While the “Editing a Paper” sums up editing as a thankless task, other examples of meta-reflection signal that participants in the exchange system valued discerning eyes, deft scissors, and careful composition, and even pushed back against contemporary rhetoric that sought to promote hierarchies within the system. Consider this brief article about the New York Evening Mirror from the Cadiz Sentinel (19 February 1845):

There is no paper on our exchange list we read with more exquisite pleasure than the N. Y. Evening Mirror. Willis is one of the few original and intellectual writers of the age, and wields a bold and vigorous pen.

In many ways, this article’s laudatory opening seems to contradict what we have thus far written about originality and reprinting, praising the “original and intellectual” writer Nathaniel Parker Willis—the brother of Fanny Fern, who we will discuss in Chapter 5—who was hired in 1844 by the Mirror’s editor George Pope Morris to help reimagine and revitalize that paper. We might contrast this description of Willis’ “bold and vigorous pen” with the Houma Ceres editor, described earlier in this chapter, who apologized for being “not…very distinguished as a ‘knight of the gray goose quill.’” Here an urban paper and literary writer seem to be held up for special esteem, distinguished in a way a rural newspaper editor cannot be. However, the Sentinel immediately pivots from its praise of Willis to describe the Mirror as “the representative of the ‘upper ten thousand,’” a phrase coined by Willis himself to describe the 10,000 wealthiest residents of New York City, and which came to be used as a rhetorical placeholder for the American gentry.7 As the representative of the elite, the Sentinel allows that the Mirror “of course contains much reading that would be of little interest to the individual who penetrates the forest with his axe, his musket and his dog. But the class of readers for whom it is intended,” the Sentinel continues, “may certainly be proud of the brilliancy of their organ.” By identifying “the class or readers for whom” the Mirror is intended as only the “upper ten thousand,” the Sentinel implicitly claims Willis’ “bold and original pen” has a limited reach. If it cannot address the individual in the forest with his axe, musket, and dog, then it cannot, perhaps, address most of the nation.

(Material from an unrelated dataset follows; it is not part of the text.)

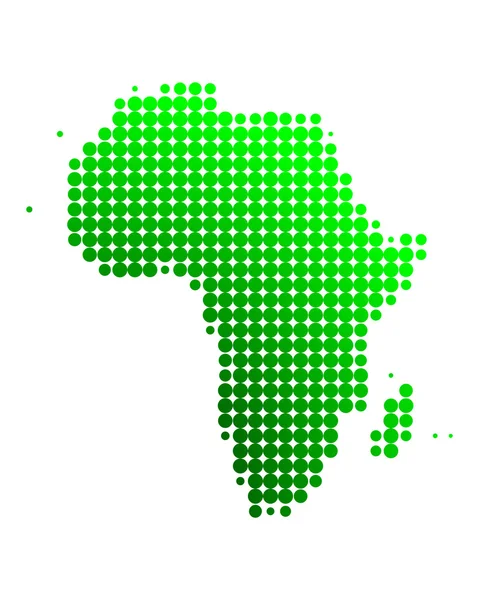 Karta över Afrika — Stockfoto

From here, the Sentinel notes,

“The Mirror of the 10th inst. we perceive has republished an article from the Sentinel on social parties, and introduces it with the following remarks:8
NOTIONS ON SOCIETY.—The Cadiz Sentinel is enlivened with a vigorous argument as to the character of the evening parties in the society of that Ohio village. The following is the deprecatory plea for gayety of the sinner-combattant. [sic]

After praising the “original and intellectual” qualities of writing in the Mirror, the only original prose the Sentinel actually quotes is a single sentence, and one that introduced a reprinted text. What prompts the Sentinel to comment on the Mirror, in other words, are the operations of the exchange network that brought their writing from Ohio and to New York City readers. For all the literary ambitions of the Mirror and Nathaniel Parker Willis, this reprint evidences that print culture does not simply emanate from the metropolis to benighted rural villages, but that through the exchange system urban papers draw on rural writing as well. By explicitly describing the Mirror’s “class of readers” and then calling attention specifically to the way it introduced a reprint from the Sentinel, this article prompts its readers (and us) to consider the urban paper’s subtle condescension, which is belied by its very need for exchange material from papers like the Sentinel.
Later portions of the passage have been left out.